▶ [PROBLEM TO WORK ON] Starting at the line that contains "Zlatibor, Užice, zima, sneg, kvad." and stopping at the line that contains "Photo of the", transcribe every line of the material below exactly; pictures stay out.

▶ [DATASET EXTRACT]
* * * *
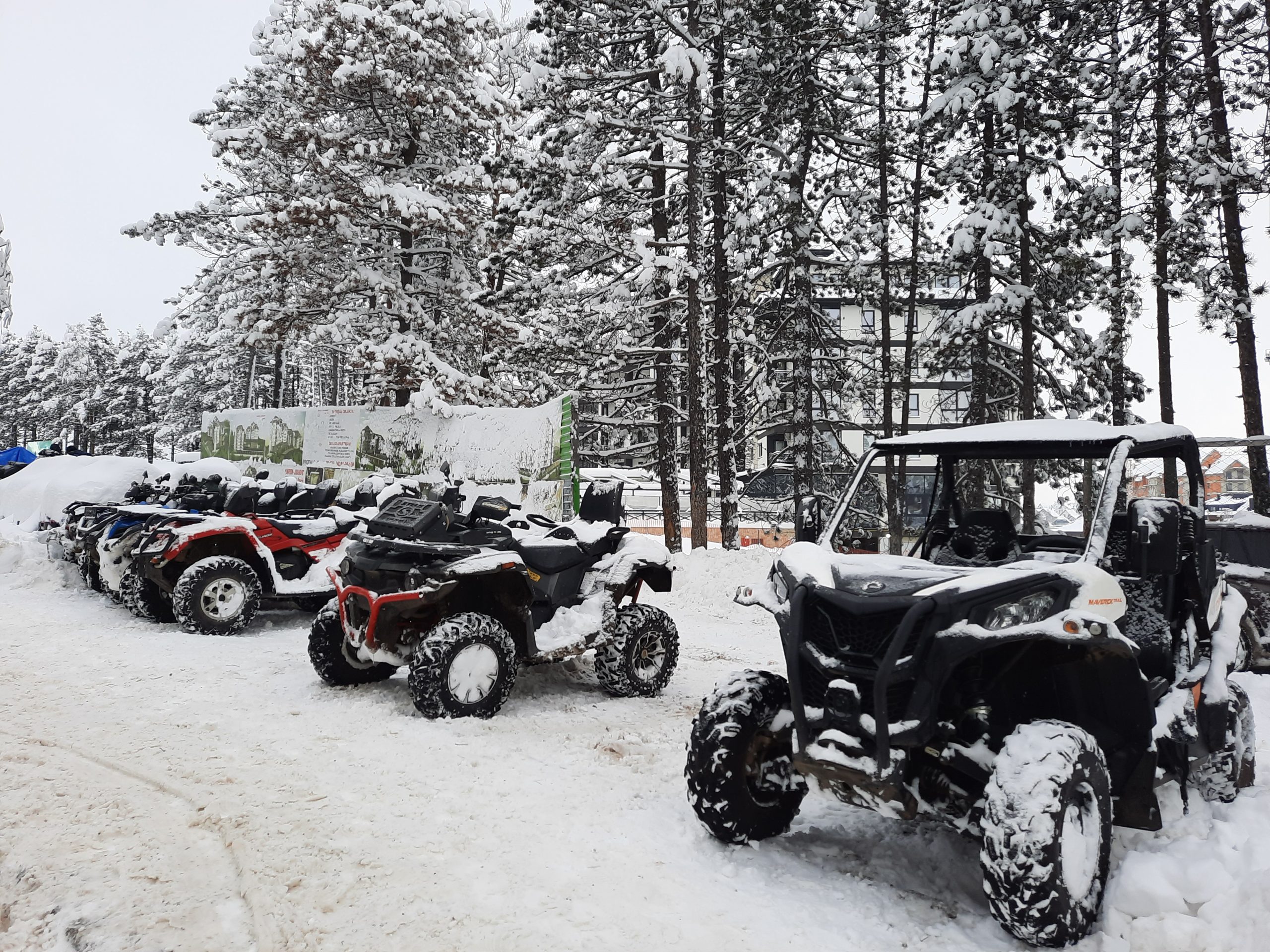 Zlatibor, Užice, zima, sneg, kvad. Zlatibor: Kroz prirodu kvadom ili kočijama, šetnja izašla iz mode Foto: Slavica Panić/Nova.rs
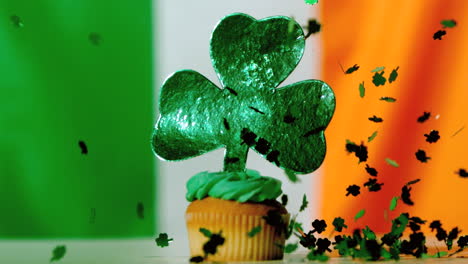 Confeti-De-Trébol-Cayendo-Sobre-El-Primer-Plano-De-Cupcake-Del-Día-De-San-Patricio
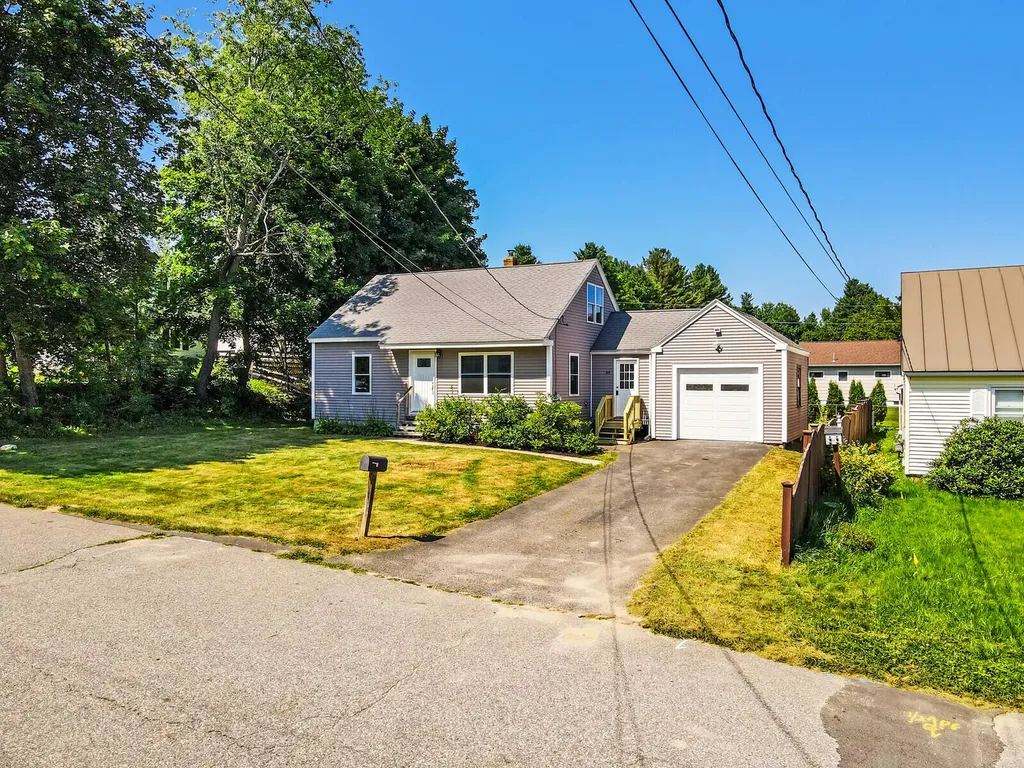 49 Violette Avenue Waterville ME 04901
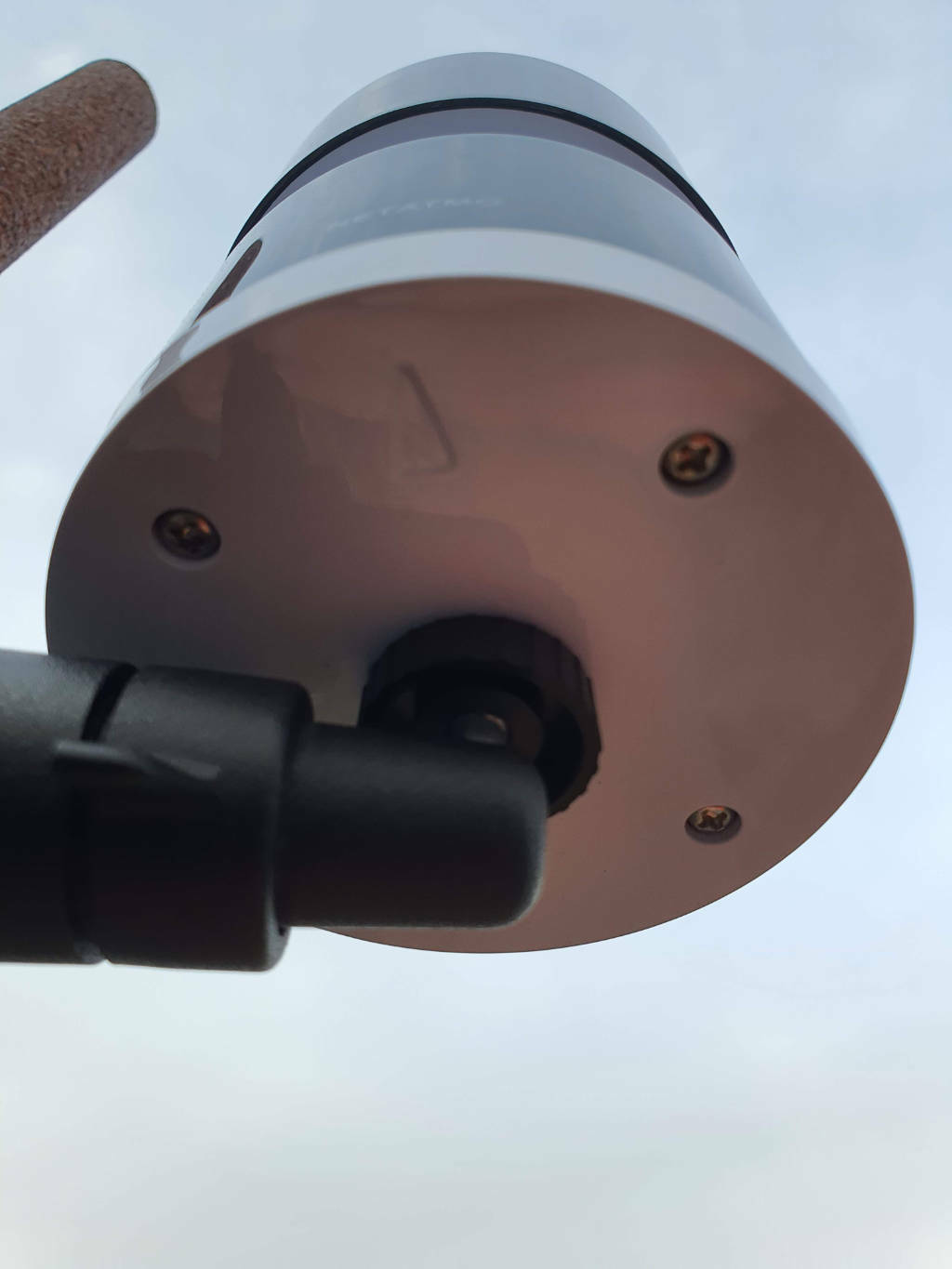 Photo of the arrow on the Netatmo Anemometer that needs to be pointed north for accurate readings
* * * *
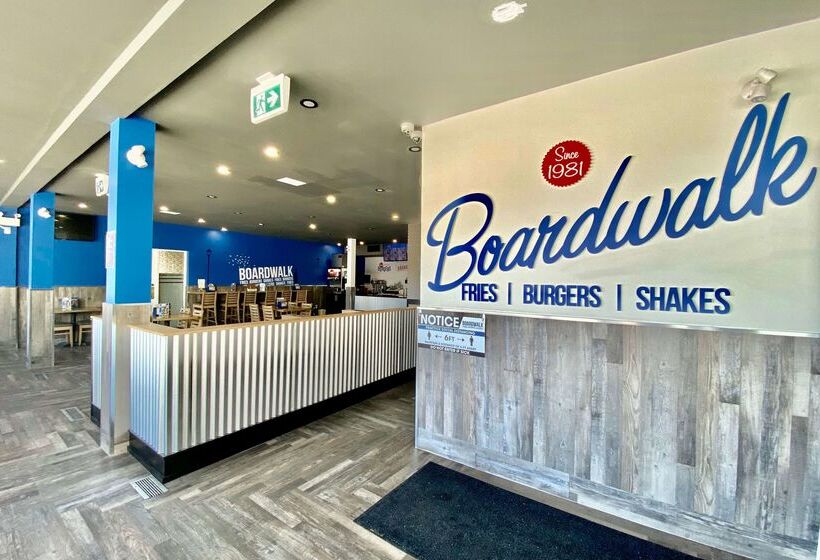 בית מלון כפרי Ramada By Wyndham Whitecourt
* * * *
▶ [SOLUTION FOR THIS TASK]
 Zlatibor, Užice, zima, sneg, kvad. Zlatibor: Kroz prirodu kvadom ili kočijama, šetnja izašla iz mode Foto: Slavica Panić/Nova.rs
 Confeti-De-Trébol-Cayendo-Sobre-El-Primer-Plano-De-Cupcake-Del-Día-De-San-Patricio
 49 Violette Avenue Waterville ME 04901
 Photo of the arrow on the Netatmo Anemometer that needs to be pointed north for accurate readings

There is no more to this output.